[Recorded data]

════════

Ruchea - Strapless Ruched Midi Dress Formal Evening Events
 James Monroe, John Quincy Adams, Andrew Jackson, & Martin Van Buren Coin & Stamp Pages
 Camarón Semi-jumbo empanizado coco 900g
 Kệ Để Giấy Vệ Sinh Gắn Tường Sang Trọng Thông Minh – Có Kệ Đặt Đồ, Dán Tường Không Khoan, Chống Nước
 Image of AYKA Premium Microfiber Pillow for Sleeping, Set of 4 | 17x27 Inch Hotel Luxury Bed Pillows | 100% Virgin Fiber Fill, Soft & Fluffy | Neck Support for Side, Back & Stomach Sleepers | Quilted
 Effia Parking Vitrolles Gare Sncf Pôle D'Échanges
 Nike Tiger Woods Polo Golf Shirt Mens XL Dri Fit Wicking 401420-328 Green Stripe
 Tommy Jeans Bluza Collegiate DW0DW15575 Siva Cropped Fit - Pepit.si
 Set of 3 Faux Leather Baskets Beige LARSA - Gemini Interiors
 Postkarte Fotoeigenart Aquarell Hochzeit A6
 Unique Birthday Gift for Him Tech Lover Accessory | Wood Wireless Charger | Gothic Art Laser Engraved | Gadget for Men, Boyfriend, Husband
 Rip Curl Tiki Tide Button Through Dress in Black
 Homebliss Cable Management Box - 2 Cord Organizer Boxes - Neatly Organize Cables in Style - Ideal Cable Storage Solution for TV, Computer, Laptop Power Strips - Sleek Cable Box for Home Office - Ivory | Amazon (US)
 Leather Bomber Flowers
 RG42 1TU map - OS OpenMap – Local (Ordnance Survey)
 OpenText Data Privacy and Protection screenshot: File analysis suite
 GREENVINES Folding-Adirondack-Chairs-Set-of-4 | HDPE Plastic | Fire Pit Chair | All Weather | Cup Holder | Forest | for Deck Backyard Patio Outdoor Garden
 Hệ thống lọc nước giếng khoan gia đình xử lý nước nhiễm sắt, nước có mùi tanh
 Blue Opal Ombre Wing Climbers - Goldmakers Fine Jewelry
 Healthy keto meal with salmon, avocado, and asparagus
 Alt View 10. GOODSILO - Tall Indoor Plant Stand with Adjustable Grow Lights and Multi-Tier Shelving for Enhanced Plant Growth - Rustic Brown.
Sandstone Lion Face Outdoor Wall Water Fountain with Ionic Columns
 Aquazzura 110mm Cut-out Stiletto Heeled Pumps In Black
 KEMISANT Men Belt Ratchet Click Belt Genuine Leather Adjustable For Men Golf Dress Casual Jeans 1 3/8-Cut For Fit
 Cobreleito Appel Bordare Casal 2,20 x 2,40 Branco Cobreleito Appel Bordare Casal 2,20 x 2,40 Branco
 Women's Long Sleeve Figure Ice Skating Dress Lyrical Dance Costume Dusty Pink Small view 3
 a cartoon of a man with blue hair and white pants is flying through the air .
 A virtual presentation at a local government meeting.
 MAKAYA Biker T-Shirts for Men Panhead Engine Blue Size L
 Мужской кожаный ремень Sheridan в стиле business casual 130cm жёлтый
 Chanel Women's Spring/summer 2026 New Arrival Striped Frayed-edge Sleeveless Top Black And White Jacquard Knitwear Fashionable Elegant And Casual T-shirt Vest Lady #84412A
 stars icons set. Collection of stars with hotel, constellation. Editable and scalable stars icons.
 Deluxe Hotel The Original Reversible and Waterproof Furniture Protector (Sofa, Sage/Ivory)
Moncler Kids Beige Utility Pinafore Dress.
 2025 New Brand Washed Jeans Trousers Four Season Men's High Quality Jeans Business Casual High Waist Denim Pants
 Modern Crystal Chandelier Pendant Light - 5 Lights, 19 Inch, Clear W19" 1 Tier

════════

● PROBLEM DETAILS
Set down every entry again, exactly as written.

● WRITTEN RESPONSE
Ruchea - Strapless Ruched Midi Dress Formal Evening Events
 James Monroe, John Quincy Adams, Andrew Jackson, & Martin Van Buren Coin & Stamp Pages
 Camarón Semi-jumbo empanizado coco 900g
 Kệ Để Giấy Vệ Sinh Gắn Tường Sang Trọng Thông Minh – Có Kệ Đặt Đồ, Dán Tường Không Khoan, Chống Nước
 Image of AYKA Premium Microfiber Pillow for Sleeping, Set of 4 | 17x27 Inch Hotel Luxury Bed Pillows | 100% Virgin Fiber Fill, Soft & Fluffy | Neck Support for Side, Back & Stomach Sleepers | Quilted
 Effia Parking Vitrolles Gare Sncf Pôle D'Échanges
 Nike Tiger Woods Polo Golf Shirt Mens XL Dri Fit Wicking 401420-328 Green Stripe
 Tommy Jeans Bluza Collegiate DW0DW15575 Siva Cropped Fit - Pepit.si
 Set of 3 Faux Leather Baskets Beige LARSA - Gemini Interiors
 Postkarte Fotoeigenart Aquarell Hochzeit A6
 Unique Birthday Gift for Him Tech Lover Accessory | Wood Wireless Charger | Gothic Art Laser Engraved | Gadget for Men, Boyfriend, Husband
 Rip Curl Tiki Tide Button Through Dress in Black
 Homebliss Cable Management Box - 2 Cord Organizer Boxes - Neatly Organize Cables in Style - Ideal Cable Storage Solution for TV, Computer, Laptop Power Strips - Sleek Cable Box for Home Office - Ivory | Amazon (US)
 Leather Bomber Flowers
 RG42 1TU map - OS OpenMap – Local (Ordnance Survey)
 OpenText Data Privacy and Protection screenshot: File analysis suite
 GREENVINES Folding-Adirondack-Chairs-Set-of-4 | HDPE Plastic | Fire Pit Chair | All Weather | Cup Holder | Forest | for Deck Backyard Patio Outdoor Garden
 Hệ thống lọc nước giếng khoan gia đình xử lý nước nhiễm sắt, nước có mùi tanh
 Blue Opal Ombre Wing Climbers - Goldmakers Fine Jewelry
 Healthy keto meal with salmon, avocado, and asparagus
 Alt View 10. GOODSILO - Tall Indoor Plant Stand with Adjustable Grow Lights and Multi-Tier Shelving for Enhanced Plant Growth - Rustic Brown.
Sandstone Lion Face Outdoor Wall Water Fountain with Ionic Columns
 Aquazzura 110mm Cut-out Stiletto Heeled Pumps In Black
 KEMISANT Men Belt Ratchet Click Belt Genuine Leather Adjustable For Men Golf Dress Casual Jeans 1 3/8-Cut For Fit
 Cobreleito Appel Bordare Casal 2,20 x 2,40 Branco Cobreleito Appel Bordare Casal 2,20 x 2,40 Branco
 Women's Long Sleeve Figure Ice Skating Dress Lyrical Dance Costume Dusty Pink Small view 3
 a cartoon of a man with blue hair and white pants is flying through the air .
 A virtual presentation at a local government meeting.
 MAKAYA Biker T-Shirts for Men Panhead Engine Blue Size L
 Мужской кожаный ремень Sheridan в стиле business casual 130cm жёлтый
 Chanel Women's Spring/summer 2026 New Arrival Striped Frayed-edge Sleeveless Top Black And White Jacquard Knitwear Fashionable Elegant And Casual T-shirt Vest Lady #84412A
 stars icons set. Collection of stars with hotel, constellation. Editable and scalable stars icons.
 Deluxe Hotel The Original Reversible and Waterproof Furniture Protector (Sofa, Sage/Ivory)
Moncler Kids Beige Utility Pinafore Dress.
 2025 New Brand Washed Jeans Trousers Four Season Men's High Quality Jeans Business Casual High Waist Denim Pants
 Modern Crystal Chandelier Pendant Light - 5 Lights, 19 Inch, Clear W19" 1 Tier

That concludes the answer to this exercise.